La montagne de l'enfer

Attention - Ce texte a été écrit au début des années 90 lors d’un atelier d’écriture dont je n’ai malheureusement pas conservé la trace du thème. Comme pratiquement tous les autres vieux textes présentés ici, il n’a pas été retouché : il a été tapé tel qu’il a été écrit, avec ses défauts.

La montagne de l’Enfer

« Embarquez dans la montagne de l’Enfer…le croisement génial entre la montagne russe et la maison hantée! »

Cela nous tentait beaucoup car, de tous les manèges, celui-là était le seul que nous n’avions jamais essayé, et pour cause : il était neuf. C’était sa première tournée depuis sa sortie de l’usine.

Nous avons donc embarqué avec empressement dans ce manège, espérant vivre des nouvelles émotions.

Le préposé, qui fixait ma boucle d’oreille en forme de tête de mort avec un serpent sortant des yeux, me dit : « Vous allez aimer ça… »

Moi et mon T-shirt d’Alice Cooper étions fins prêts. Mon petit frère suivit en me tenant la main. Le wagon dans lequel nous avons pris place avait la forme d’une tombe ouverte, et un squelette suspendu sur un fil d’acier se promenait du premier au dernier wagon en laissant tomber ses pieds sur la tête des passagers.

Le wagon démarra. Dans la section régulière de la montagne russe, j’ai découvert les courbes les plus audacieuses que j’aie jamais vues, défiant toutes les lois de la physique. Imaginez que vous roulez à 100 km/h et que vous preniez un angle droit sans diminuer votre vitesse. Un cardiaque ne pourrait survivre à de telles sensations. Je ne sais pas comment ils ont réussi ce tour de force, mais je sais m’incliner devant de tels magiciens.

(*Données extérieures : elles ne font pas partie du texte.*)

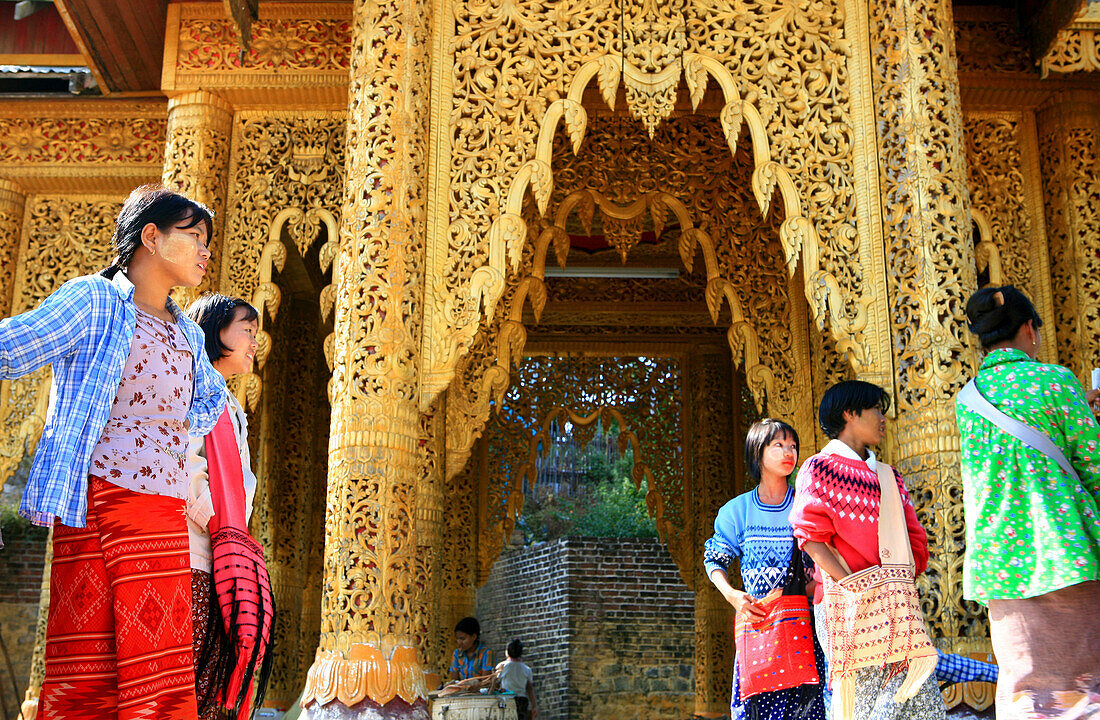 Frauen stehen vor dem Kloster Popa Taung Kalat, Mount Popa, Myanmar, Birma, Asien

Puis, nous sommes descendus en chute libre vers un visage monstrueux gigantesque, qui ouvrait et fermait une bouche abondamment garnie de dents. Mais évidemment, la mâchoire était synchronisée pour nous laisser passer.

De l’autre coté, ou plutôt, à l’intérieur, car c’est un tunnel figurant l’intérieur du monstre, tous ont été pris par une nausée, due à l’intense odeur de viande pourrie et de renfermé qui y régnait. Le wagon ralentit, puis tomba dans le vide à nouveau. Mon petit frère, qui est un amateur de gadgets, sortit de sa ceinture une petite lampe de poche, de style « scout », et éclaira l’intérieur.

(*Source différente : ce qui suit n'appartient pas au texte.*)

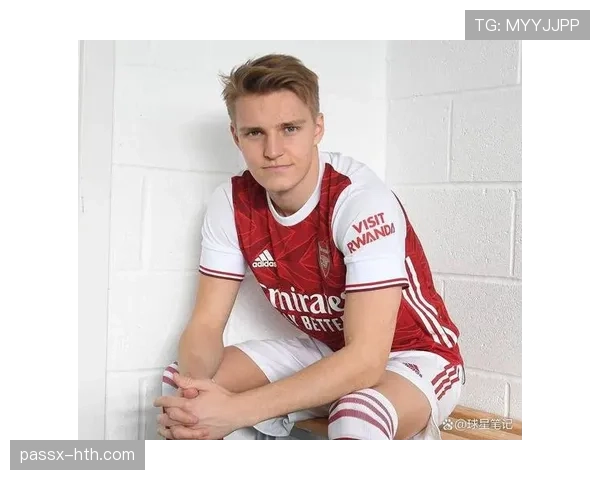 居莱尔 vs 厄德高：早期天才的战术角色与成长路径差异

Plusieurs crièrent de dégout en apercevant ce que le faisceau de la lampe de mon frère nous fit découvrir. Plusieurs corps de différents animaux : chats, chiens, oiseaux, et autres non identifiables, étaient suspendus au plafond, sur les murs, et il y en avait aussi beaucoup par terre, près des wagons, mais trop loin pour être à portée de nos mains.

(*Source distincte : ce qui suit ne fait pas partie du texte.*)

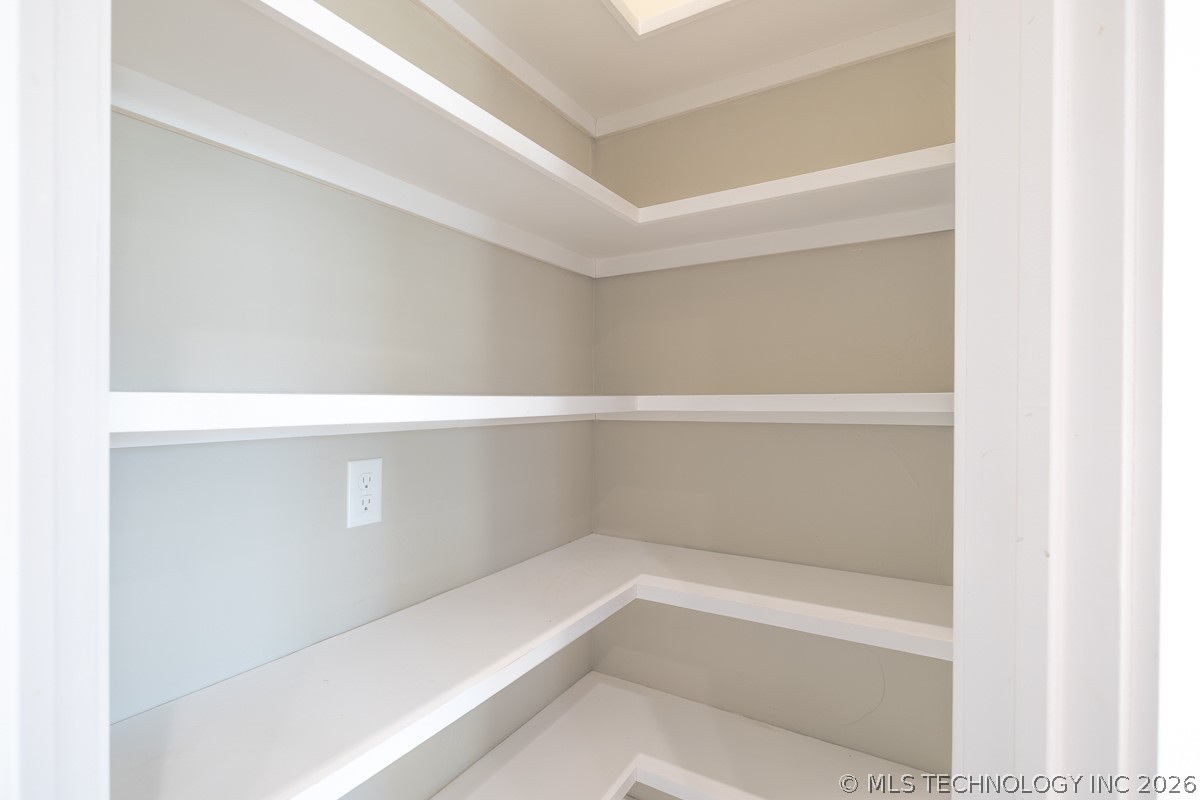 1305 S Monte Vista Ada OK 74820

J’ai d’abord pensé que c’était du faux, mais pourquoi auraient-ils mis du faux dans cet endroit où il fait tellement noir, qu’on ne peut que se concentrer sur les mouvements du wagon, car on ne voyait même pas le wagon de devant?

Puis de nouveau, le wagon descendit, à 90 degrés. Nous entendions des cris d’effroi et de terreur, suivis de bruits secs, de craquements, que nous avions d’ailleurs entendus de l’extérieur, avant d’entrer dans le manège. Son équilibre repris, mon frère éclaira vers l’arrière du train, car le dernier wagon était plus près de nous que le premier, et je vis, en même temps que lui, un homme en salopette de travail qui ramassait une tête ensanglantée à quelques mètres du rail. L’homme regarda dans notre direction et nous pointa du doigt. Au même moment, le chariot se mit à ralentir. L’homme en salopette se dirigea vers nous, pendant qu’un autre homme prit la tête et la jeta dans un trou où, quelques instants après, se glissa une autre tête qui elle, hurlait « au secours! ».

L’homme en salopette avait une démarche lourde et saccadée. Il marchait comme un singe. Je tentai alors quelque chose de fou, qui probablement nous sauva la vie : je pris le lampe de poche et la tirai derrière l’homme en salopette. Il la ramassa, car nous vîmes tous le point lumineux s’élever du sol. Le chariot repartit, et un énorme choc sur le côté nous fit glisser latéralement sur la droite. Nous heurtâmes une toile épaisse puis le jour apparut; nous étions sur les rails, faisant encore quelques mètres avant de nous arrêter.

À la sortie, mon frère me dit « on retourne-tu chercher ma lampe de poche? ».